__RECORDS TO PROCESS__
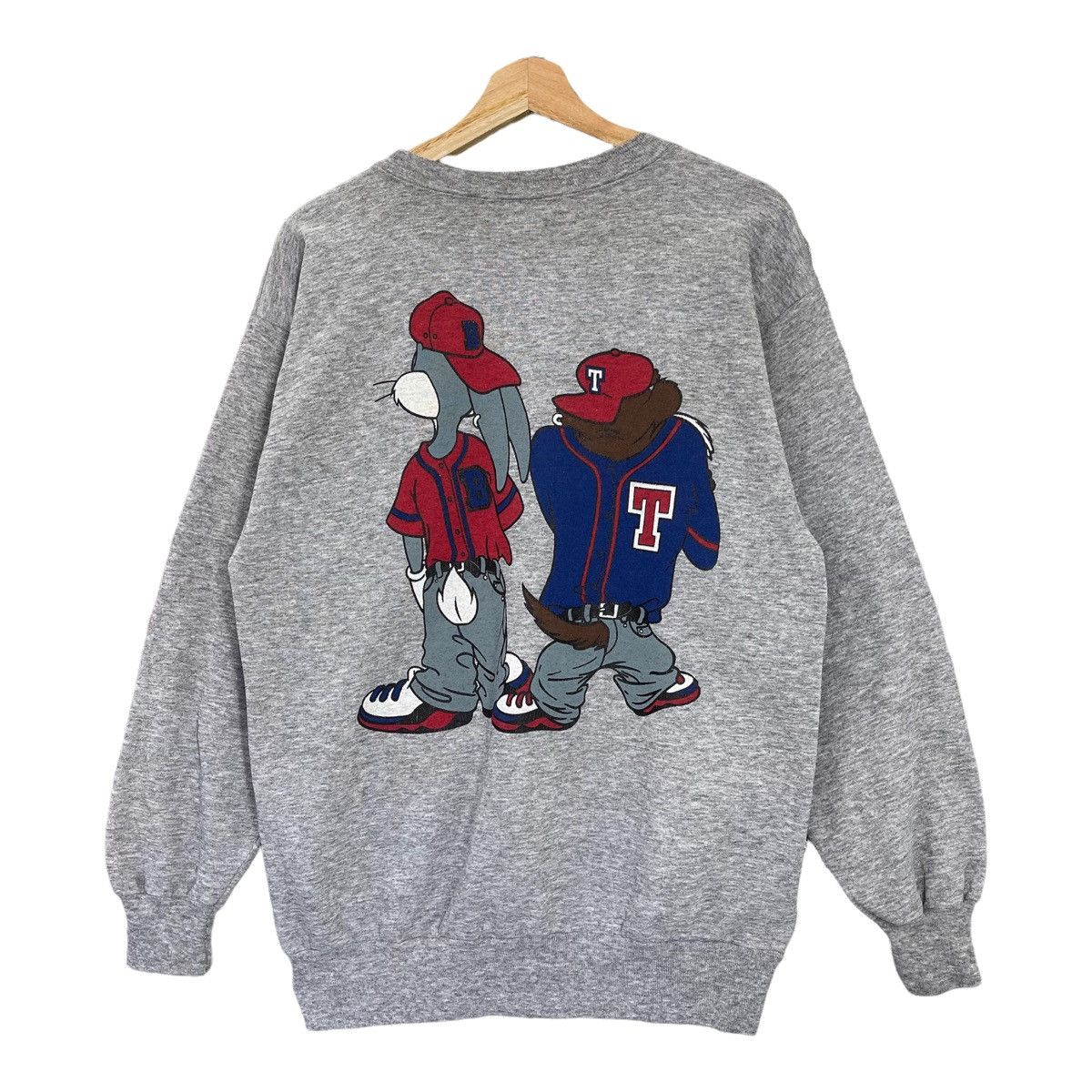 Cartoon Network × Vintage Tasmania 90s Tasmania Bugs Bunny Mirror Print Sweatshirt Size US M / EU 48-50 / 2 - 10 Thumbnail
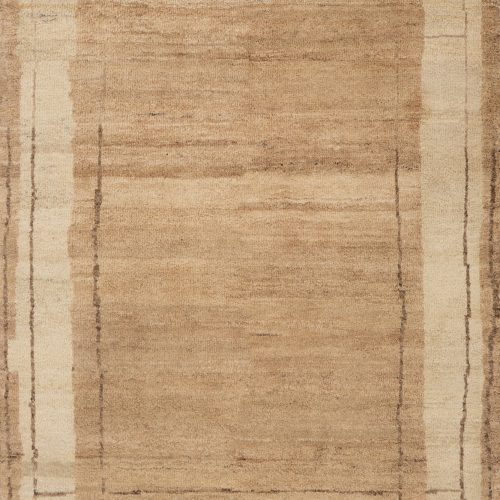 Mela Modern Bordered Rug | Brown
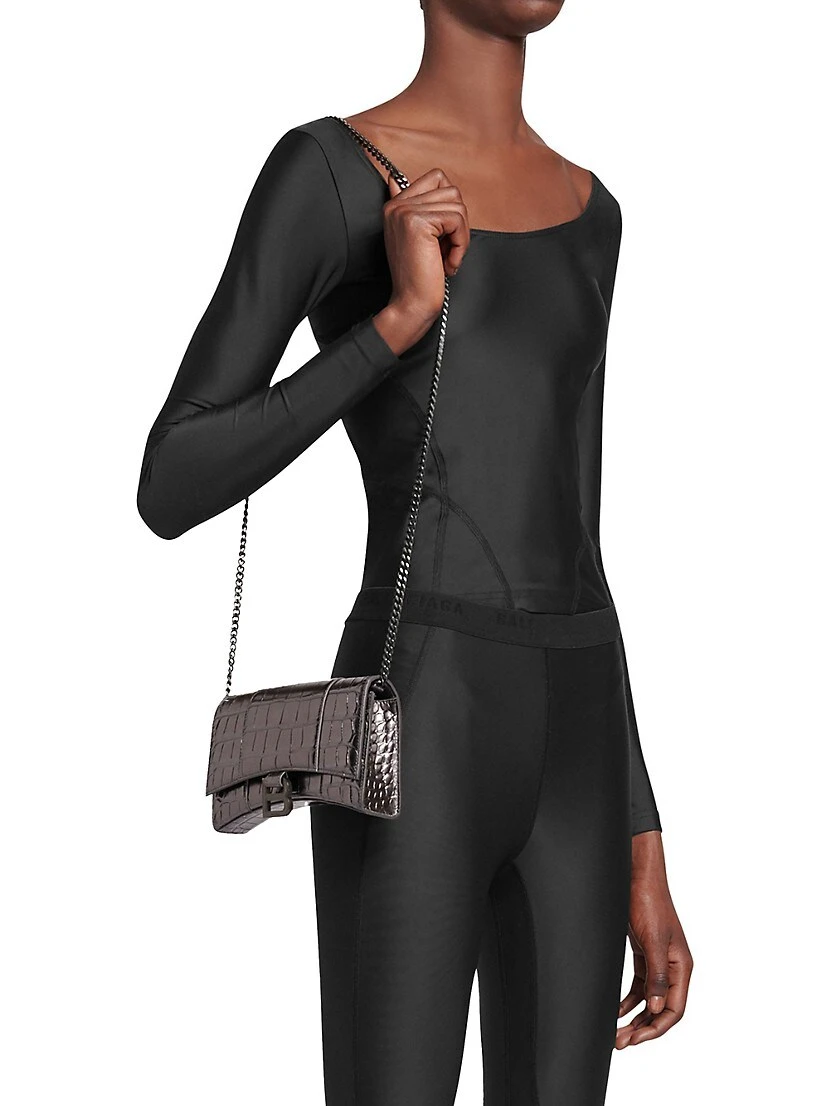 Balenciaga Hourglass Wallet With Chain 8 Balenciaga Hourglass Wallet With Chain - Image 6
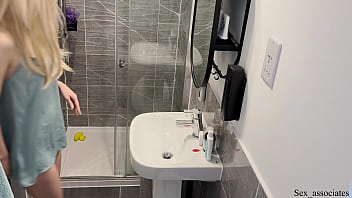Caught My Stepsis Riding Dildo In the Shower On Hidden Camera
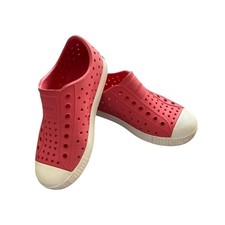Native Jefferson Slip-On Sneaker Kids C12 Pink White Water Play Beach Pool Comfy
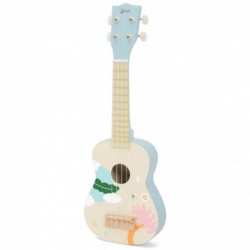 CLASSIC WORLD Wooden Ukulele Blue Guitar for Children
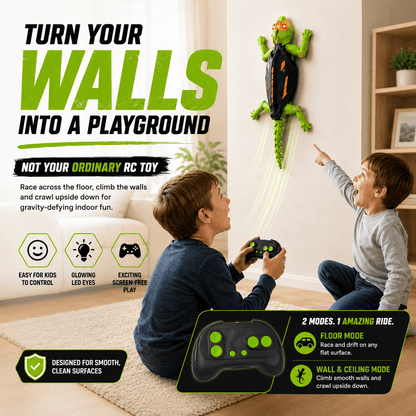 GeckoCrawler™ – Wall, Ceiling & Floor RC Lizard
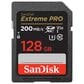 Sandisk 128GB Extreme PRO UHS-I SDXC Memory Card, , large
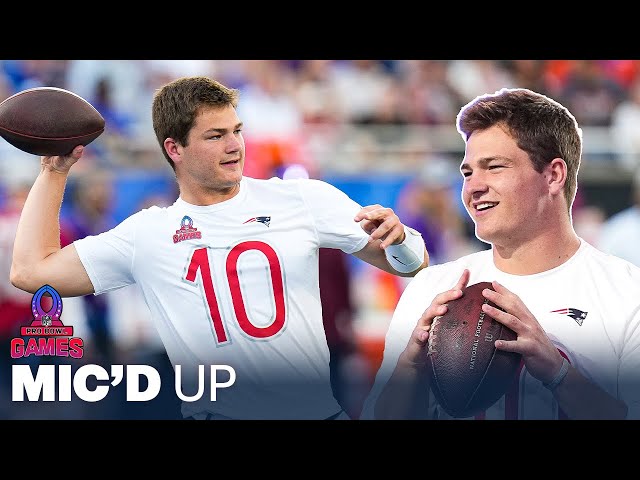 MIC'D UP: Drake Maye's Best Moments From 2025 Pro Bowl Games | New England Patriots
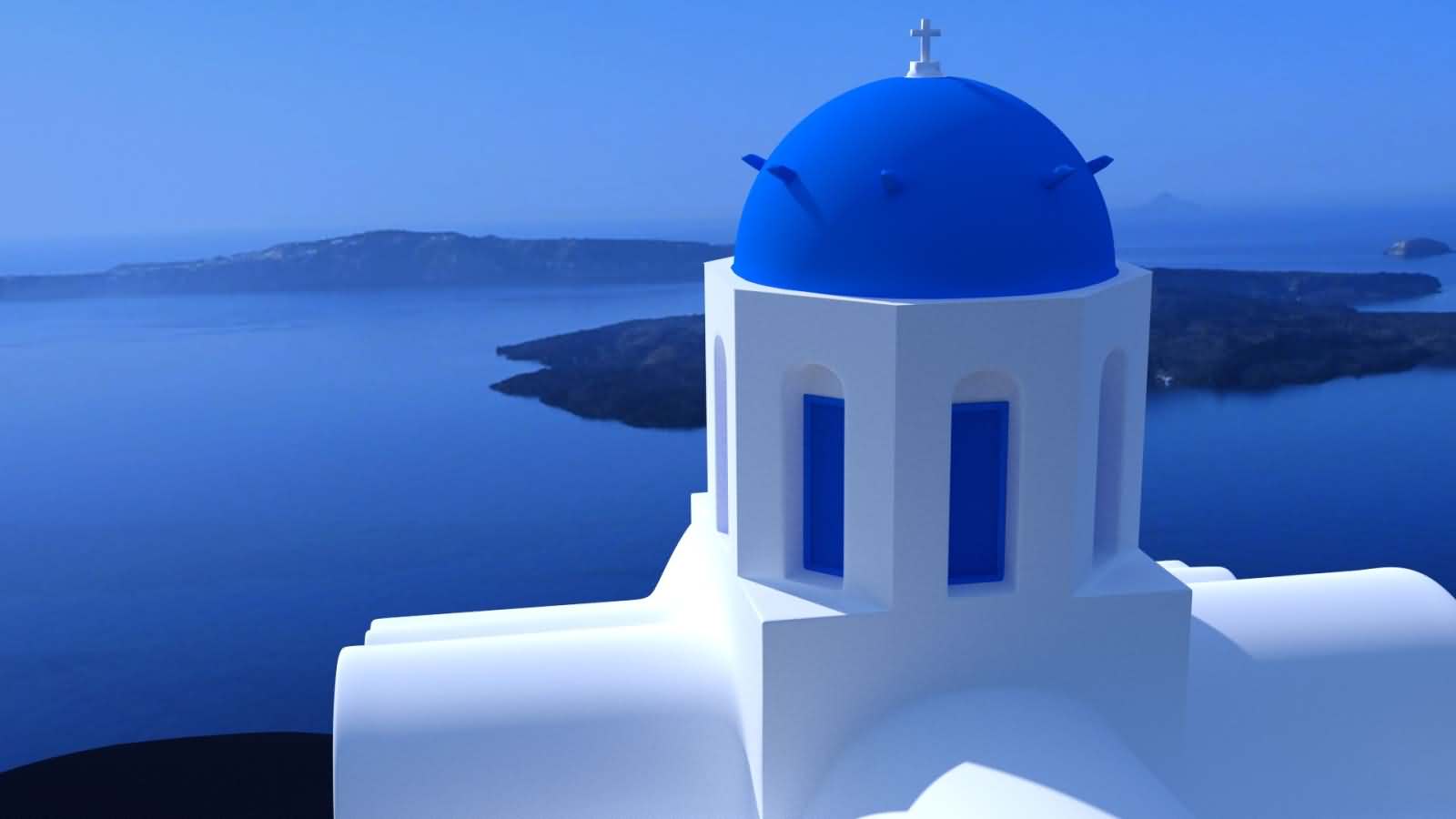 Beautiful Picture Of The Blue Dome Church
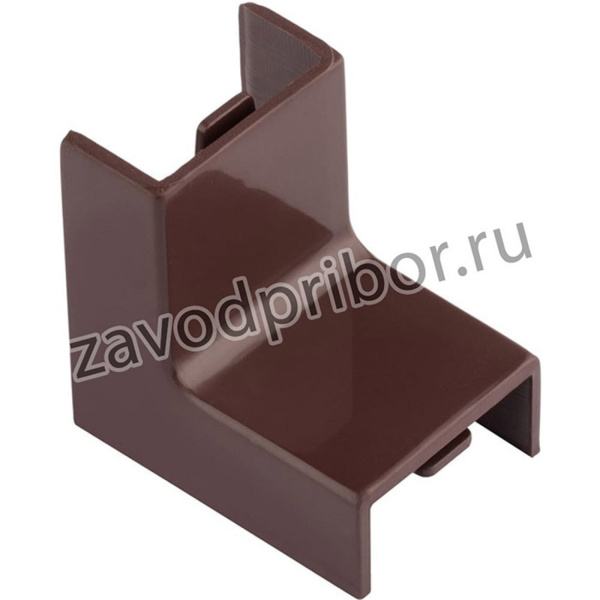 Внутренний угол 20х10 Plast PROxima под темное дерево, (4шт) ibd-20-10x4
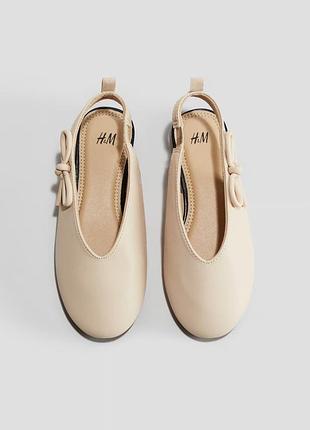 Туфли балетки для девочки оригинал h&amp;m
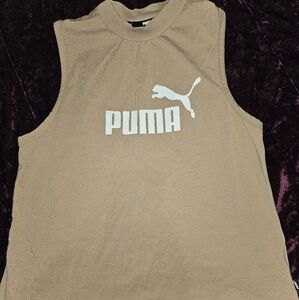Puma Beige Sleeveless Tank- Youth XL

__DESCRIPTION OF THE TASK__
Your copy should hold every entry exactly as written, but none of the pictures.

__ANSWER AREA__
 Cartoon Network × Vintage Tasmania 90s Tasmania Bugs Bunny Mirror Print Sweatshirt Size US M / EU 48-50 / 2 - 10 Thumbnail
 Mela Modern Bordered Rug | Brown
 Balenciaga Hourglass Wallet With Chain 8 Balenciaga Hourglass Wallet With Chain - Image 6
Caught My Stepsis Riding Dildo In the Shower On Hidden Camera
Native Jefferson Slip-On Sneaker Kids C12 Pink White Water Play Beach Pool Comfy
 CLASSIC WORLD Wooden Ukulele Blue Guitar for Children
 GeckoCrawler™ – Wall, Ceiling & Floor RC Lizard
 Sandisk 128GB Extreme PRO UHS-I SDXC Memory Card, , large
 MIC'D UP: Drake Maye's Best Moments From 2025 Pro Bowl Games | New England Patriots
 Beautiful Picture Of The Blue Dome Church
 Внутренний угол 20х10 Plast PROxima под темное дерево, (4шт) ibd-20-10x4
 Туфли балетки для девочки оригинал h&amp;m
Puma Beige Sleeveless Tank- Youth XL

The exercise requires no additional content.